His mind recounted the times he’d violated Justin’s little whore of a daughter. Christy didn’t look so good right now, with all the wires and tubes sticking out of her. But she’d been a fine bitch, before she chose her father over her boyfriend. He didn’t know how she’d survived the hail of bullets at the old warehouse. Luck he supposed. He’d shot her in the back, twice. Whatever the case, he was about to rectify the situation.

This time he placed the knife tip on her left breast, prepared to plunge it home, but a stirring in his loins stopped him. Maybe first he should cop a feel: one for the road, for old time’s sake. She’d never know. She couldn’t stop him. What the hell could it hurt?

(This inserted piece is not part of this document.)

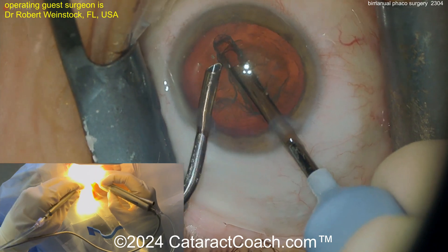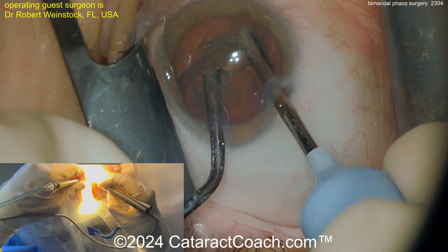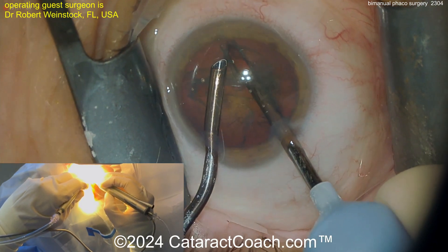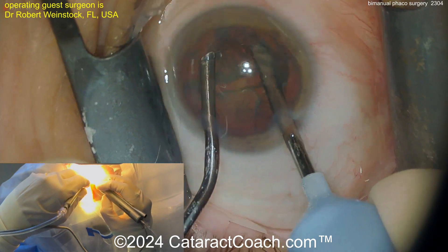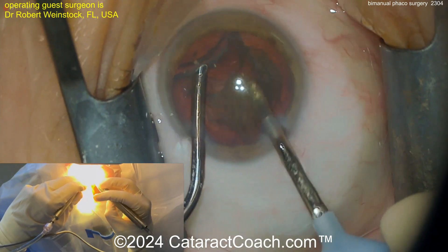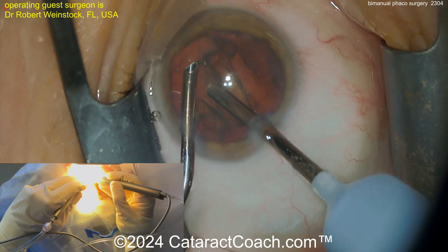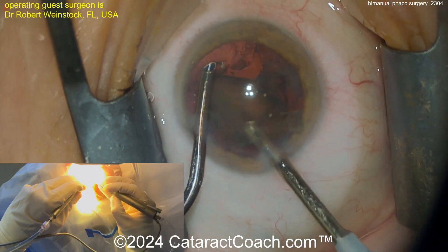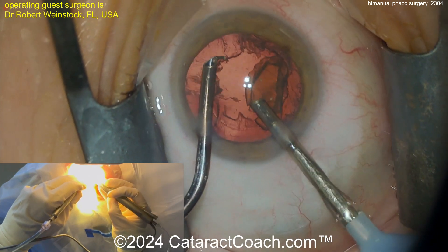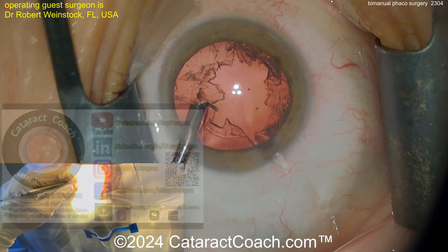You really have to master phaco power modulations because you have the metal needle in direct contact with the cornea. If you use continuous phaco energy, you're going to have a corneal wound burn in a second. The silicone sleeve is protective against a phaco wound burn, and the fluid flowing out through the main incision also helps cool the cornea. Here you don't have that — look how little fluid leakage there is. These are pretty much watertight incisions, so there's not much cooling on the phaco needle. If you've got a dense cataract and you're doing bimanual phaco, be careful.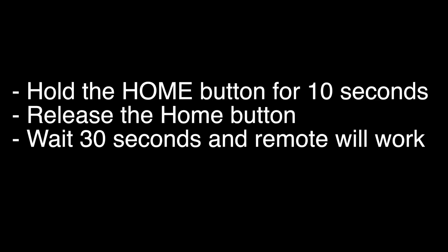Press the home button for 10 seconds, release the home button, wait 30 seconds, and try your remote again.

Reaching for the bed sheet, Billy felt a rise in his jeans and a rise in his heartbeat. He threw back her covers and took hold of the hem of her hospital gown. Slowly he lifted it, revealing raven-black pubic hairs glistening in the glow of the street-lit window. He licked his lips and pulled her gown higher, exposing the white skin of her belly, then her rounded breasts, slack nipples, and more wires. His heart rate doubled. He began to salivate. This could be better than ever, the final disgrace. He’d violate her one more time before killing her. Justin’s failure as a father would be complete.